Malta has been independent since 1964, with a parliamentary system; the country adopted a policy of neutrality in 1980. An EU member since 2004, it held presidency in 2017; its capital of Valletta was European capital of culture in 2018. Despite its complex history of successive rulers and their varied cultural influences, Malta today maintains a strong European focus.
Malta has as its state religion Roman Catholism, with 93.9% of the population identifying as such. Considered an Apostolic See, with a chivalric lay order unique to this island nation — the Sovereign Military Order of Malta, or Knights of Malta — the religion remains a defining cultural feature.

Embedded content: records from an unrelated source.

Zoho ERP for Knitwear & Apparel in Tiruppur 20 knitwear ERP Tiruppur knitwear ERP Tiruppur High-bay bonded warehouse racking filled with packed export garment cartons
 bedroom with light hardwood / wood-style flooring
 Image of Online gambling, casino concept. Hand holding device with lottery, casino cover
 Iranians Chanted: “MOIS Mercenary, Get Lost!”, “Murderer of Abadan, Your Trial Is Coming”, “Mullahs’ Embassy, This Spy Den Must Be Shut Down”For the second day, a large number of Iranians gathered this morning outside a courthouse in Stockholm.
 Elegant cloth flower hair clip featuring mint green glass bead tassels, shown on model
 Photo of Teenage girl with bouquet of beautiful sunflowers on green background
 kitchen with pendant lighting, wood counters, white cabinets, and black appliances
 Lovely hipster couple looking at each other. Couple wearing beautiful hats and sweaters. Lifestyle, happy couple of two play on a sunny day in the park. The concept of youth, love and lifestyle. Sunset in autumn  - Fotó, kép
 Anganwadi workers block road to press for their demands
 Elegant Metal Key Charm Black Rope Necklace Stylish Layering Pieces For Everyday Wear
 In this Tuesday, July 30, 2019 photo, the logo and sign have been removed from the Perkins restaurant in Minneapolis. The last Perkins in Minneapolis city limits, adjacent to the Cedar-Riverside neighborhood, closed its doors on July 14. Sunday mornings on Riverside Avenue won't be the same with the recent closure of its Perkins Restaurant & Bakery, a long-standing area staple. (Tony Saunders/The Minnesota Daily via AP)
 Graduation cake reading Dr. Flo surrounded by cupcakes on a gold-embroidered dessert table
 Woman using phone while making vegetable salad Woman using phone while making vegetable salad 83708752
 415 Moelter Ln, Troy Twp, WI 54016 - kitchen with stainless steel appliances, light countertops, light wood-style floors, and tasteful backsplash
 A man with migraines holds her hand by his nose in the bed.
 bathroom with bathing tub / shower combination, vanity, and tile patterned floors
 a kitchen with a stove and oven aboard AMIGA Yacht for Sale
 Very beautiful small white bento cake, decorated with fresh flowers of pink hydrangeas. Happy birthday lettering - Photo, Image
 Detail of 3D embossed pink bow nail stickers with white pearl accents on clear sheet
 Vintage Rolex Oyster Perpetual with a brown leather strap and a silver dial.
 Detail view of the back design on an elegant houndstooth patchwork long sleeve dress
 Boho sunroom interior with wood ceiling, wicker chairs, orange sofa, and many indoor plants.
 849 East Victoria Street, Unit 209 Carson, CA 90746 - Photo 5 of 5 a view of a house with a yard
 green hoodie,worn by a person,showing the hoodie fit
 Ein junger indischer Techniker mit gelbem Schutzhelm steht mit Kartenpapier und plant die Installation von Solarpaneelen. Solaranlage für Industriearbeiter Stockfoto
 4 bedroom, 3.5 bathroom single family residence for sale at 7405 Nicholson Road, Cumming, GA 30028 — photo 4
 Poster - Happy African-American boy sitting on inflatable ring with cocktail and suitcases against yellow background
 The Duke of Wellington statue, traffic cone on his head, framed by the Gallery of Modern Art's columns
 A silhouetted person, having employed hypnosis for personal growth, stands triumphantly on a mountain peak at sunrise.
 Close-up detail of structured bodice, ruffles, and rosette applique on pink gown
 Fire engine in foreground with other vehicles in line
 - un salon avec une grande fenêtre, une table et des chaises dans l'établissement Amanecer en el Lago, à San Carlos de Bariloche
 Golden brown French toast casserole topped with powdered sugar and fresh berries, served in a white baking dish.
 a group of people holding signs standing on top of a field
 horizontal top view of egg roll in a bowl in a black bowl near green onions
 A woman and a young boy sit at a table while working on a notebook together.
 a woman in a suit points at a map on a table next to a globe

A history of multiple conquerors also means a history of trauma, and Malta is no exception. The last such before independence was British rule, from which Malta retains its parliamentary system of governance and English as a second official language. The island society also retains scars, as portrayed in the Sette Giugno monument and annual observance of the same name / date: a 1919 event in which British soldiers shot into a crowd, sparking riots that ultimately became a movement for independence.
Malta’s diverse history has also resulted in stunning and architecture with varied influences. Valletta, the current capital, is well known for same; Mdina, the former capital now largely abandoned, is a stunningly intact medieval city of great beauty. Founded as “Maleth” by Phoenicians in the 8th century, renamed “Melite” by Romans, it was Arabs who gave its current name; it lost capital status in 1530 but was a centre for nobility long after.
Landed aristocracy wielded power in Malta for many centuries, despite the island’s changing hands from one ruler to the next. A peerage system was established by 1283, with a fiefdom set up by the reigning Sicilian monarchy. The whole of Malta was ceded to the Order of St John, the so-called Knights of Malta, in 1530. Nobility, complete with titles, remains in Maltese society even today.
Order and civility, holdovers from Knights of Malta and recent British rule, remain key values — along with a general conservatism — in Maltese society today.
One of the major disruptions today to the conservative Maltese way of life is the tremendous influx of migrants and refugees. That same geographic positioning that has made the island so attractive to traders and conquerors throughout history has also made it a primary destination for those forced to leave their homelands, and Malta struggles to manage this enormous influx of newcomers. Their history has taught them to expect ‘invasions’ — at the same time as it has made them wary of outsiders.